It is often said that the first experiences are recorded in our memory and that -I venture- consciously or unconsciously determine our relationship with objects and/or people known through them. It is precisely the memory of one of them that prompts me to write this short article, hoping that it will help that neophyte in the canine world who has decided to enter it by listening exclusively to his heart.
Thanks to a certain worm eager for knowledge that my teachers knew how to infect me with, I decided while I was studying ethology to enter the professional world of dogs through the so-called “small door”: the walker; an activity that would allow me to gain experience in dealing with foreign canines and –the terror of terrors- with their owners.
On the big day of the debut, I rang the intercom of a flat in an apartment building, where I was greeted by an upper-middle-aged lady with a rather slight physical complexion and a small Maltese bichon who looked at me suspiciously from his padded bed. pink, in the middle of a fluffy rug that was also pink, and stuffed into a colored coat…yes, indeed: pink.
To my quick, inexperienced look, the little dog perfectly matched the environment and its owner. We turned around, stopped by the barbershop where he had his hair cut and styled (with a pink tail on his head, needless to say), and headed back to his house.
Until then, all is good.

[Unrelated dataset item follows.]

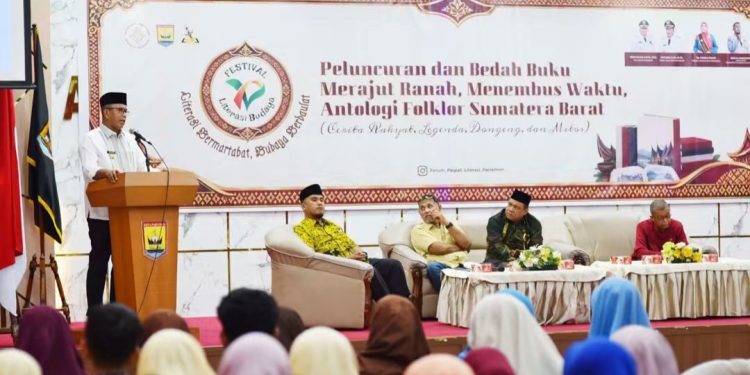 Wawako Pariaman Mulyadi Ingatkan Pentingnya Literasi Budaya di Tengah Gempuran AI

The curious thing appeared later, when through the conversation the subject of my studies came up and the consequent talk about dogs in which, to my astonishment, the lady referred to being worried about security issues and that to remedy them she wanted to buy nothing less than ... a rottweiler!
As my training had just begun, I did not dare to give him my opinion and left after wishing him luck, between mental images of a 1.50-meter tall lady being dragged by a 50-kilo big dog, and a Maltese bichon snack at the drop of a hat...
The saying goes that "Nothing is new under the sun" and certainly much has already been written about the difficulty involved in choosing a dog to take home.
Antonio Pozuelos, in his article "I'm going to buy a dog!", gives a good account of the most important issues: the objective for which we want it, its character, our own, our training and leadership skills, etc.; so I do not see the need to redound in them.
However, and acknowledging my rookie temerity, I want to draw the reader's attention to another way of looking at these issues: the point of view of our possible future friend.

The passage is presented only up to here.